The new study jibes with an Intergovernmental Panel on Climate Change (IPCC) report, also released on Thursday, that focuses on global warming impacts on the land, and vice versa. The authors of that report, too, highlighted the numerous environmental and health benefits of a plant-based diet. “You save on future climate-change damages,” says Springmann, who was not involved with Eshel’s recent study or the IPCC report. “You save on biodiversity impacts of deforestation. You save on chronic disease rates and therefore on your medical bills.”

Eshel and his colleagues specifically found that if all Americans switched away from meat, it would eliminate the need for pastureland and reduce the amount of high-quality cropland under cultivation by as much as 25 percent—an area as large as Montana. But what truly excites Eshel is how dramatically the swap could clean the nation’s waterways. Today excess nitrogen from fertilizer spills into rivers. This pollution causes toxic algal blooms that deplete oxygen, leaving vast dead zones that inflict tens of billions of dollars of economic damage. But many of the plants within Eshel’s diet require far less nitrogen fertilizer than plants grown to feed livestock. Overall, the study says, a vegetarian shift could prevent roughly 4.5 billion kilograms of nitrogen from being discharged into U.S. waterways—a number far greater than the nitrogen currently rushing through the Mississippi en route to the Gulf of Mexico.

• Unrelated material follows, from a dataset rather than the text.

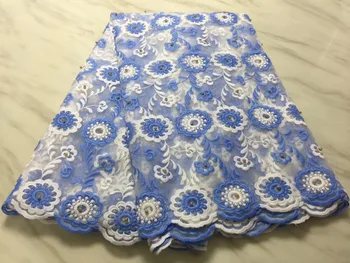 

Blue African French Lace Fabric High Quality African Tulle Lace Fabric For Wedding Beaded French Lace Fabric PL29511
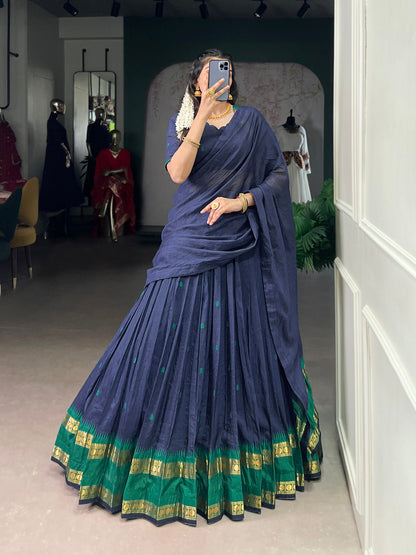 Navy Blue Color Zari Weaving Work Chanderi Lehenga Choli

But Marty Matlock, a professor of ecological engineering at the University of Arkansas, who was not involved in the study, points out that Eshel and his colleagues’ assessment does not reflect the reality of the U.S. food system. “This doesn’t consider the impact of this sort of diet on those who can’t afford to buy the vegetables,” he says. “Just ask, ‘Why do we have an obesity problem at the same time we have a food security problem?’ Because the cheapest food you can eat is a McDonald’s Happy Meal.” There are many “food deserts,” he says, where vegetables are expensive and even hard to find—not to mention the fact that it also takes an environmental toll to grow asparagus in Mexico or Peru before shipping it to the U.S. (Eshel’s study did not consider this factor.) Instead Matlock argues that the best diet moving forward just might involve algae, which are not only packed with twice as much protein as meat, plus vitamins and minerals, but can be grown in nonpotable water. Matlock notes that we have even been eating algae—particularly seaweed—for thousands of years and that the recent proliferation of algal powders as food supplements suggests many people might be willing to jump onboard.

The authors of the new study do acknowledge that one of the environmental downsides to their proposed shift away from meat is that food-related water use would actually increase 15 percent. Moreover, although the change would reduce greenhouse gas emissions, it would only do so by 6 percent. “It won’t buy you a get-out-of-jail solution to climate change,” Eshel says. Matlock agrees, pointing out that the greenhouse gas contribution of the food system is a drop in the bucket as compared with burning fossil fuels. The focus, he says, should be on reducing that fossil-fuel use, updating our transportation grids and sequestering carbon in soil. “We need to keep our eye on that ball,” he adds, “and not get distracted by asparagus and green peppers.”